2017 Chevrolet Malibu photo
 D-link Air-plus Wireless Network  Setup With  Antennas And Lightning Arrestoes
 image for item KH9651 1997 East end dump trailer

::::::

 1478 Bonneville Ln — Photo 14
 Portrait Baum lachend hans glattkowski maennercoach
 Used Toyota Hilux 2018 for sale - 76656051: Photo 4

::::::

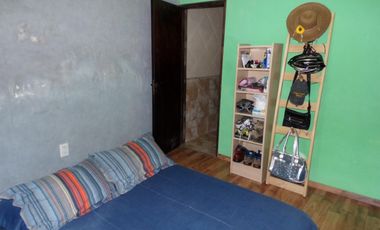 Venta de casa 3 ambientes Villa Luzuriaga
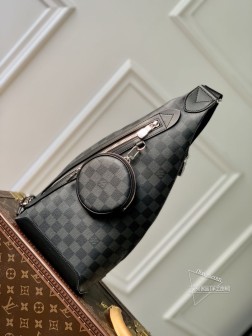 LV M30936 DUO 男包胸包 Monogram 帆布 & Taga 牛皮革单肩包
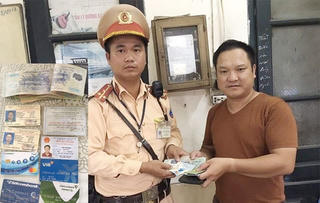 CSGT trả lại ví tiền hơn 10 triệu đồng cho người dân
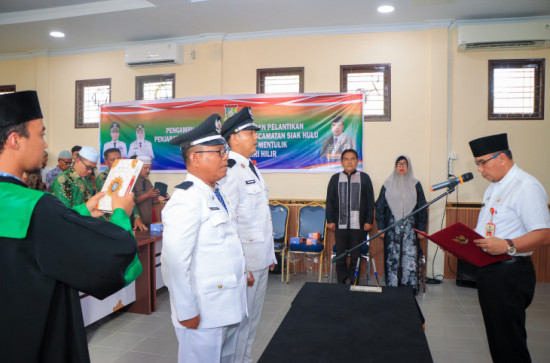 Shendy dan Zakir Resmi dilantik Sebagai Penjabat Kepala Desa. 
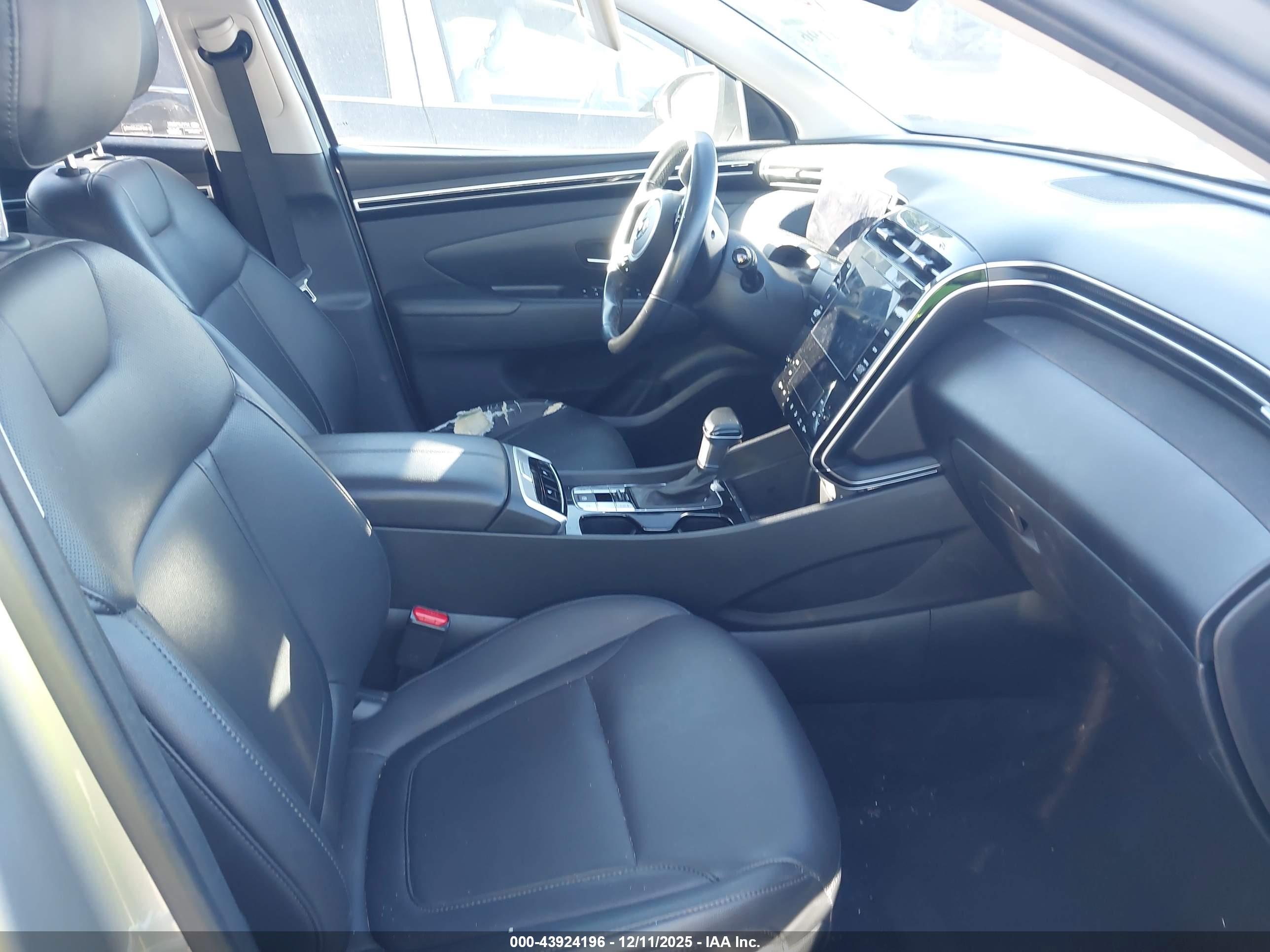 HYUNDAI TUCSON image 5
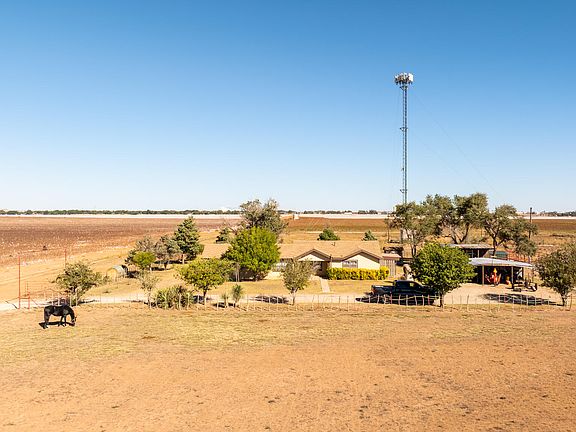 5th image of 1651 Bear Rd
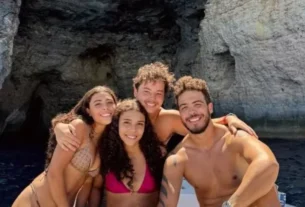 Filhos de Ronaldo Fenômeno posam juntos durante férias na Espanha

::::::

* _Task directions_: All lines above from the one holding "2017 Chevrolet Malibu photo" to the one holding "image for item", inclusive, are to be copied exactly; no other line is wanted.

* _Your response_:
2017 Chevrolet Malibu photo
 D-link Air-plus Wireless Network  Setup With  Antennas And Lightning Arrestoes
 image for item KH9651 1997 East end dump trailer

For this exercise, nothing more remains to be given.